Even before the elections there were four or five factions in the party, centred round individual leaders whose personal aversion for one another was quite well known within and outside the party. But during the election campaign, prime minister Narendra Modi, Home Minister Amit Shah along with lesser luminaries like party president J. P. Nadda and CM Yogi Adityanath of Uttar Pradesh succeeded, by their high voltage propaganda, in creating an illusion – call it hallucination if you like – that the BJP was going to inflict a crushing defeat on Mamata Banerjee and her party and win hands down.

Many believed in the propaganda and there was an exodus of Trinamool Congress legislators and party functionaries at different levels to the BJP. The defectors had a common theme: they were feeling “suffocated” in the party where there was no scope of working and that the party leadership was not listening to their grievances. The BJP welcomed the defectors with open arms. The State leaders were far from enthusiastic about their entry but the central leaders were happy to find desertions taking place from the TMC. One among the defectors was a prize catch for the party or so the central leaders thought. He was Subhendu Adhikari, a former minister and a trusted lieutenant of Mamata Banerjee.

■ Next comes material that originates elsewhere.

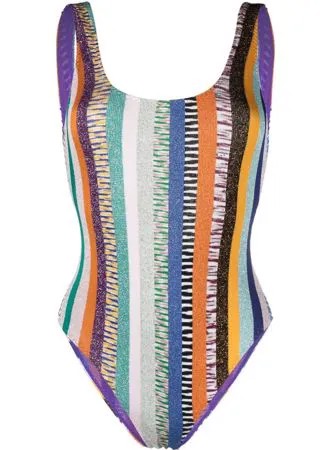 Missoni Mare купальник в полоску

The Bengal BJP leaders were naturally unhappy. They had worked for the party through hard times when BJP was practically unknown in West Bengal and very few were attracted to the saffron party. They had built up the party in Bengal which had a strong Left tradition.

And now when the party was poised to win a victory, these rank outsiders were thronging the party to take a big slice of the cake. They are now seething with anger against the central leadership but they cannot open their mouth for discipline’s sake and maintain a façade of unity.
After Subhendu defeated Mamata by a narrow margin at Nandigram, his stock rose very high in Delhi. Subhendu said his job was to liaise with the central leaders while the State leaders should look after the party organization. The allusion was to Dilip Ghosh, the president of the Bengal party. Naturally, the old timers of the party were livid with anger seeing what they thought the “impudence” of someone who was a gatecrasher in their view.

At party meetings in the districts and at lower levels, the workers vented their spleen on the leaders. Fisticuffs were freely exchanged, furniture was smashed with gay abandon, party offices were damaged and ransacked gleefully and in some cases leaders were manhandled. The meetings ended in fiasco. In most cases the workers were angry because tickets had been given to the newcomers from Trinamool, ignoring their claims. As things turned out, except five all the defectors who had joined the BJP and fought on its ticket were roundly defeated. Now these turncoats are frantically trying to get back to their old party and declaring their unflinching loyalty to “Didi”. But the TMC has told them to cool their heels at least for six months before any decision is taken about their future.

Meanwhile all the old factions in the State BJP have turned against Subhendu the man from nowhere who is now lording it over them. The bickering within the party goes on. Recently, Tathagata Roy, a former president of the Bengal unit and former governor of Tripura and Meghalaya, contemptuously spoke of a “class eight pass fitter mistry”. He did not name anyone but many thought that the allusion was to Dilip Ghosh, the State party president. But Roy did name Kaliash Vijayvargiya for the latter’s friendship with Mukul Roy, a Trinamool defector to the BJP who has recently come back to the TMC and immediately made vice-president of the party.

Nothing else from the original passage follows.